To recover a workload to a previous state, you can use point-in-time or stored instances. To avoid the automatic retention of point-in-time instances, you can store particular point-in-time instances. The stored instances do not change and you can use them to recover the workload to the stored instance, regardless of the overall retention period of the point-in-time instances.

VMware Cloud Director Availability supports two types of instances to which any workload can be recovered:

Point-in-time instances
The point-in-time instances are retained and automatically rotated during the lifespan of the replication.

VMware Cloud Director Availability automatically retains a configurable number of the last point-in-time instances and allows the workload to be recovered to any one of them.

Stored instances
The automatic retention does not affect the stored instances.

After manually storing an instance, the stored instance remains unchanged and if the replication is still active, the workload can be recovered to that stored instance.

Any replication can have both stored instances and point-in-time instances, depending on the number of allowed stored and point-in-time instances by the policy.

The automatic retention of a point-in-time instance can be bypassed by storing it. VMware Cloud Director Availability retains the stored instance until it is no longer marked as stored or until it is manually deleted. Any stored instance, without the latest one can be deleted.

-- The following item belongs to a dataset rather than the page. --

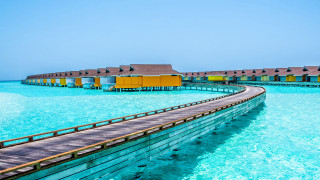 Wooden walkway houses water beach - a row of houses free wallpaper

Note: After a test failover, the replication can have more stored instances than the policy allows for. Performing a test failover stores the current instance and stores all its parent instances, up to the base disk. Those stored instances no longer participate in the retention policy. After a test failover, the automatically created point-in-time instances continue to participate in the retention policy. After performing a test cleanup, the instances stored by the test failover are no longer stored and again start participating in the retention policy.